Stories such as Smith's and the case of Jocelyn Rojas — a 5-years-old Lancaster, Penn. girl who was saved from abduction by an attentive 15-years-old boy, Temar Boggs, who noticed a car being driven in a peculiar manner — seem to capture the public's imagination and draw a prompt response. But what happens when the abduction case does not draw a public response?

Adult abductions and law enforcement inadequacies

Last week, one of the three men held captive by 31-year-old Walter Renard Jones, William Merle Greenawalt, 79, has died of complications due to malnourishment. Jones has been charged with two counts of elderly abuse with serious bodily injury. It has been alleged that Jones held Greenawalt, Dean Cottingham, 59, and John Edward Padget, 64, in his garage so that he could collect on the men's assistance checks.

In cases such as this, the inadequacies of the way law enforcement handles such situations start to show. While recent efforts, such as the AMBER Alert System , have resulted in a net improvement in recovery rates, abducted adults are considered low-priority.
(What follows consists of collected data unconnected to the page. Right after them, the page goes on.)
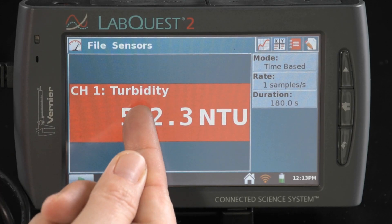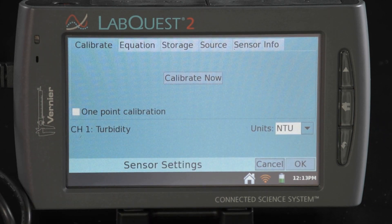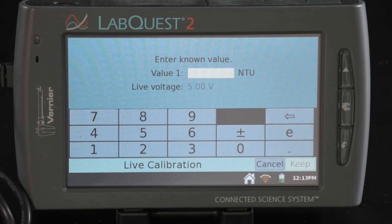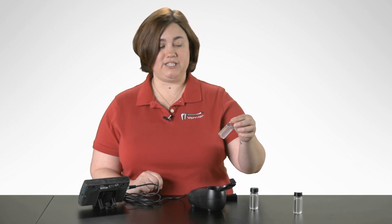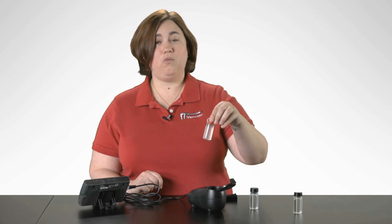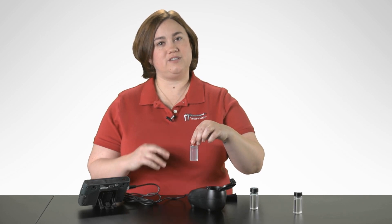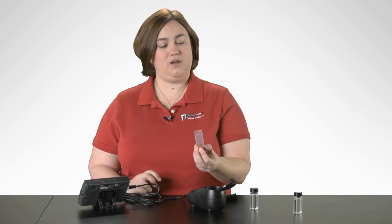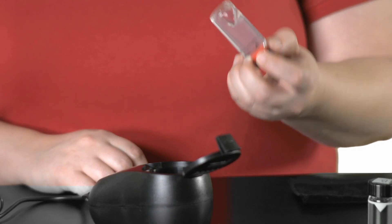In order to do the calibration, first we're going to tap on our meter screen, enter the calibration screen, and then tap 'Calibrate Now.' The first one we're going to measure is our 100 NTU sample. I want to gently invert this about four times to make sure that the standard is evenly distributed. I don't want to shake it because that could introduce bubbles into the sample that could affect its reading.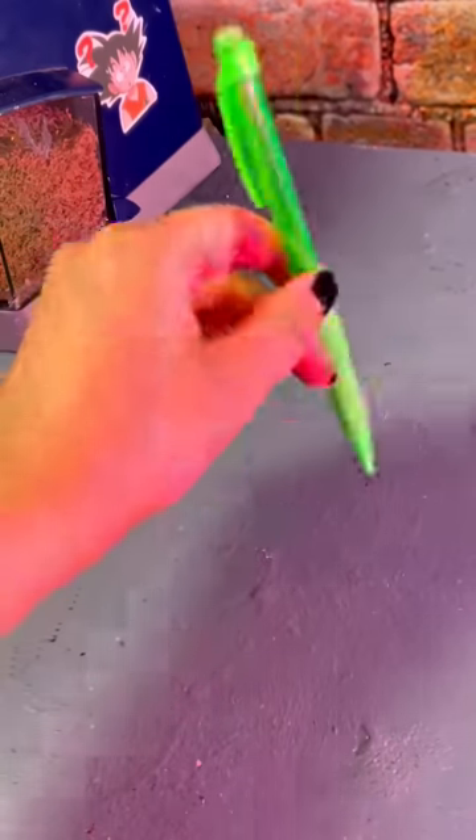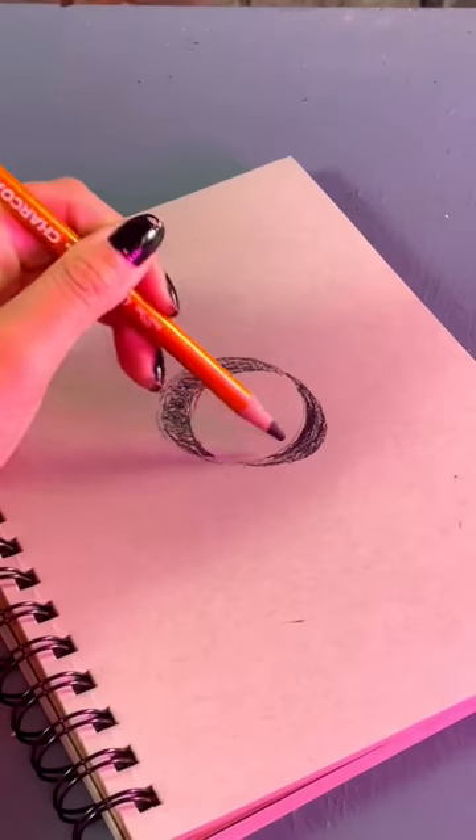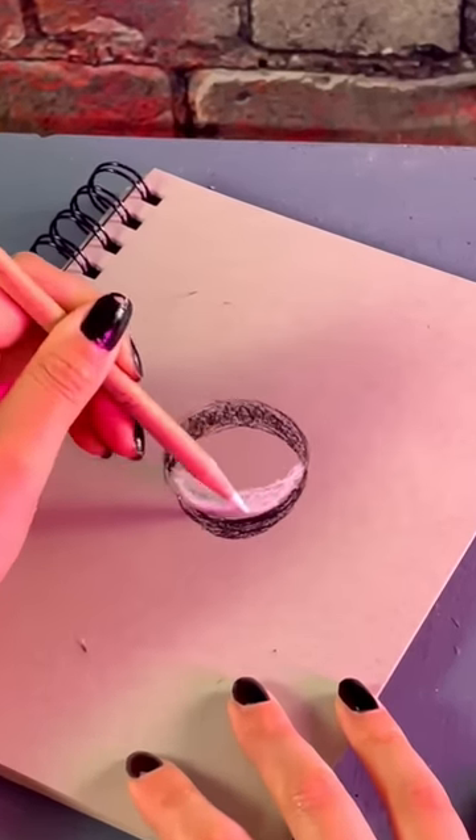I don't think most people understand how crazy easy it is to draw realistic water droplets. First trace a circle — it's okay if it looks bad. Then with the charcoal pencil draw a crescent moon on the outside, and on the inside again, but this time make it white.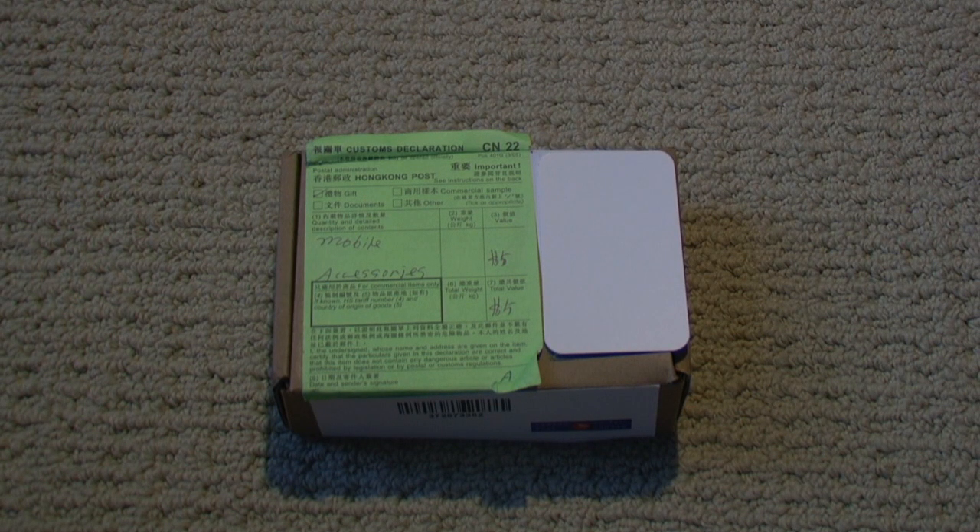Hey guys, your tech reviews here, and today we're going to be taking a look at the dummy, also known as the display model iPod Touch fourth generation. The difference between a display model and the actual iPod Touch is that they have the exact same dimensions, but they just have no internals, so you obviously can't play with it, check out multitasking, and all that fun stuff.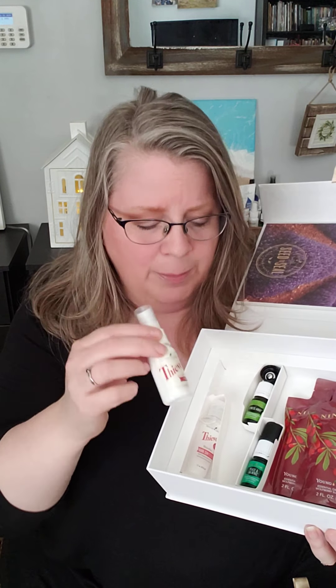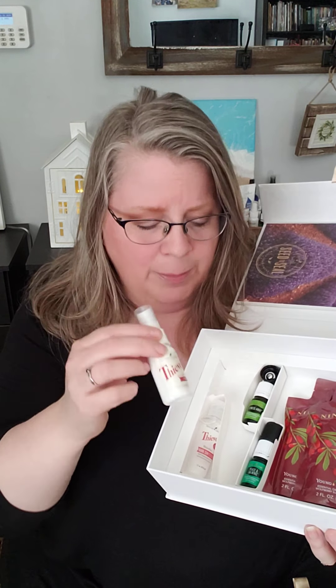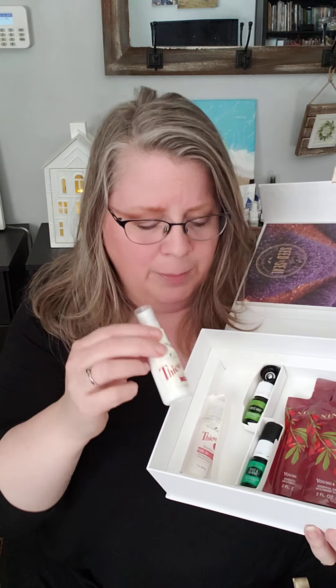I wanted to show you all of the gorgeous oils that come in this starter kit — there's actually 12 of them, and there are two that are hidden that a lot of people have a hard time finding. It's underneath this little thing, and then you'll see there's our Ningxia Red, which I'll talk about, there's Peace and Calming, Stress Away, and I believe they've replaced this with something else, but you should get the hand sanitizer. This is a slightly older kit that I use for demos only.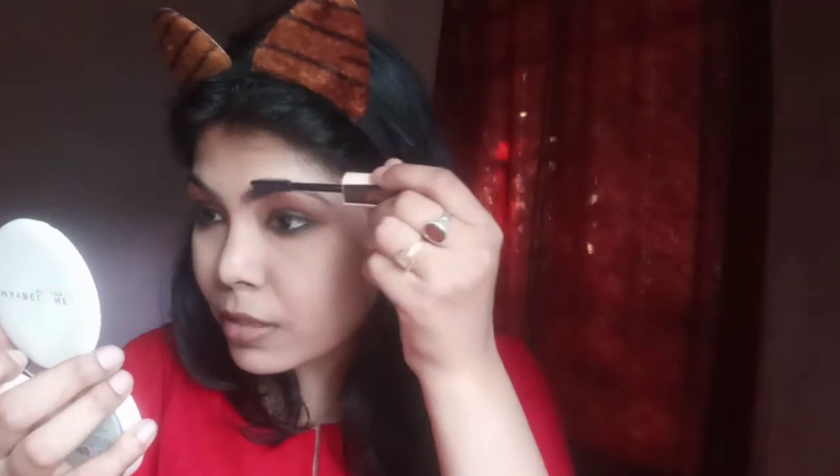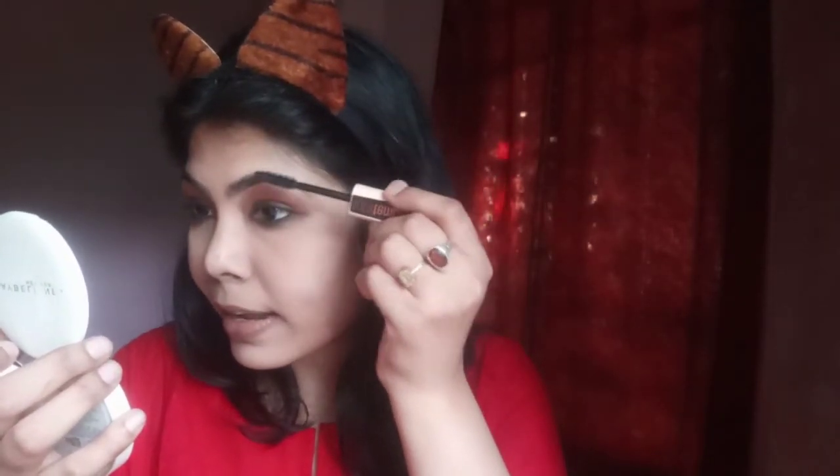Now I am done with my eyes and I am going to dust off the excess compact powder for my face. For my eyebrows I am going to use mascara today because I have kept the steps very simple and I am using very few products for this look. Apply with a very light hand and just fill the sparse areas.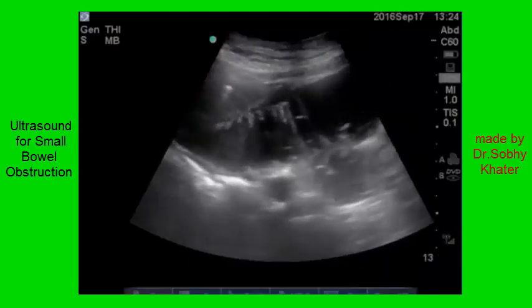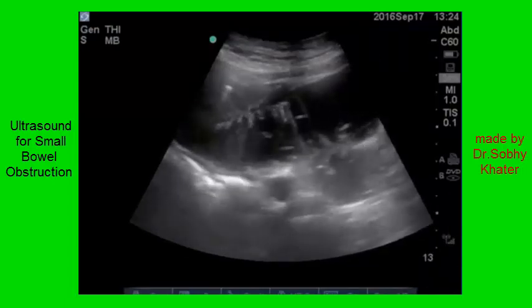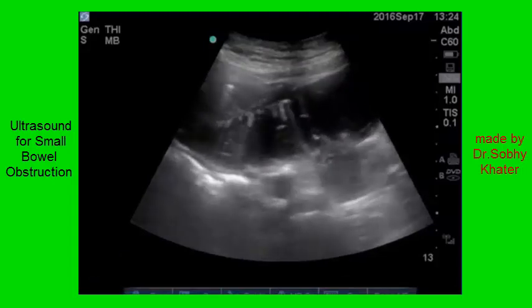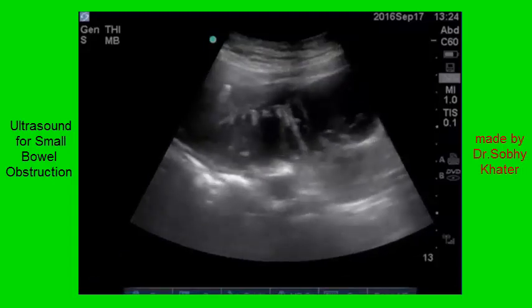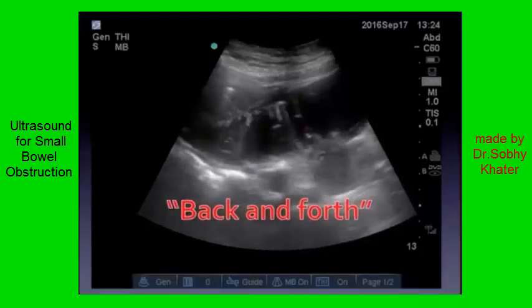We saw this earlier. This is a nicer clip. What I want you to notice here is the motion of the bowel — yes, it's distended, yes it's abnormal — but look at that echogenic material just kind of sliding back and forth without any real peristalsis. This is that absence of peristalsis we talked about earlier, that back-and-forth motion. And this is a sign of small bowel obstruction.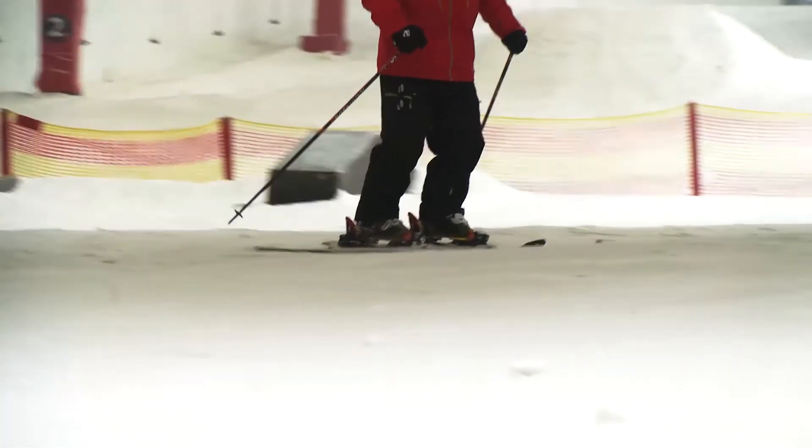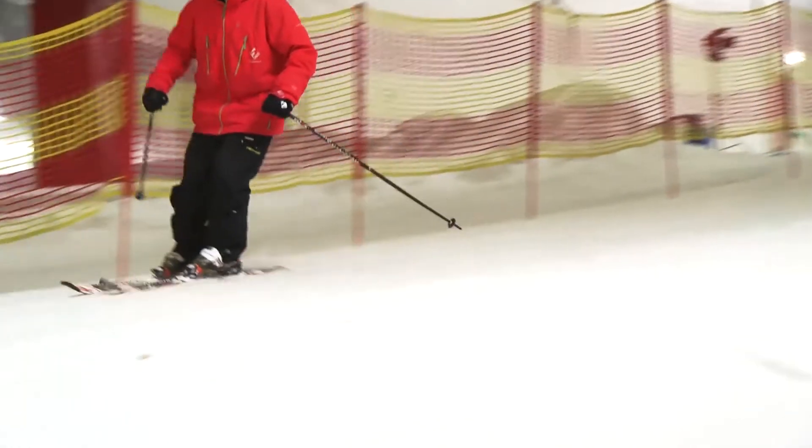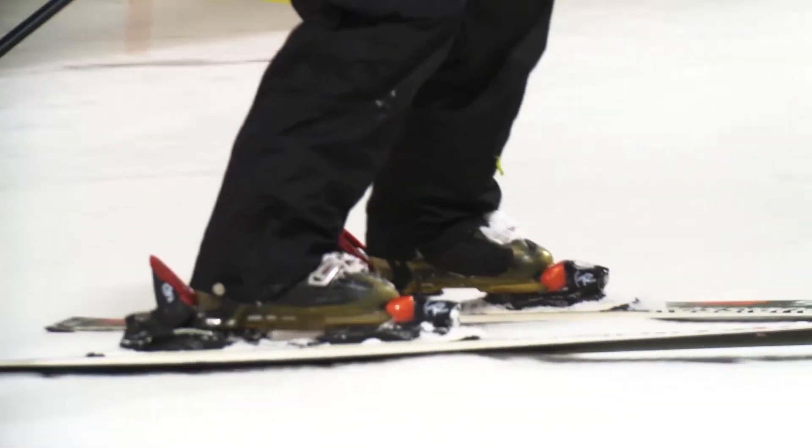Hi, I'm Tom, an instructor here at Snowzone, and today I'm going to help you with snowplow to parallel turns. Firstly, you're going to want to start to balance on that outside ski a little bit earlier in your turn. You're going to need to relax the ski on the inside to make it easier to change onto the same edge.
Many police departments will not take a missing person case for an adult prior to 24 hours after the disappearance, and most will not extend full resources to the case, due to the possibility that the missing person wishes to not be found.

While police response rates for abducted children to the child's home or scene of abduction are modest — an estimated 68 percent, according to the 1999 Second National Incidence Studies of Missing, Abducted, Runaway, and Throwaway Children (NISMART-2) — the response rate for adult disappearances is dramatically less. Recently, Butte County has been profiled in the media for its efforts to create its first master list of missing persons.

“It's not completely surprising that there was no master list. If someone is missing today, they most likely will still be missing tomorrow. But if a homicide or some other serious crime occurs today, limited investigative resources would be more productively spent on those immediate cases,” reported the Chino Enterprise-Record on the Butte County Sheriff's Office's efforts. “That's how a file on the missing might go missing as well. It's not that it's unimportant. It's just that it's not as timely.”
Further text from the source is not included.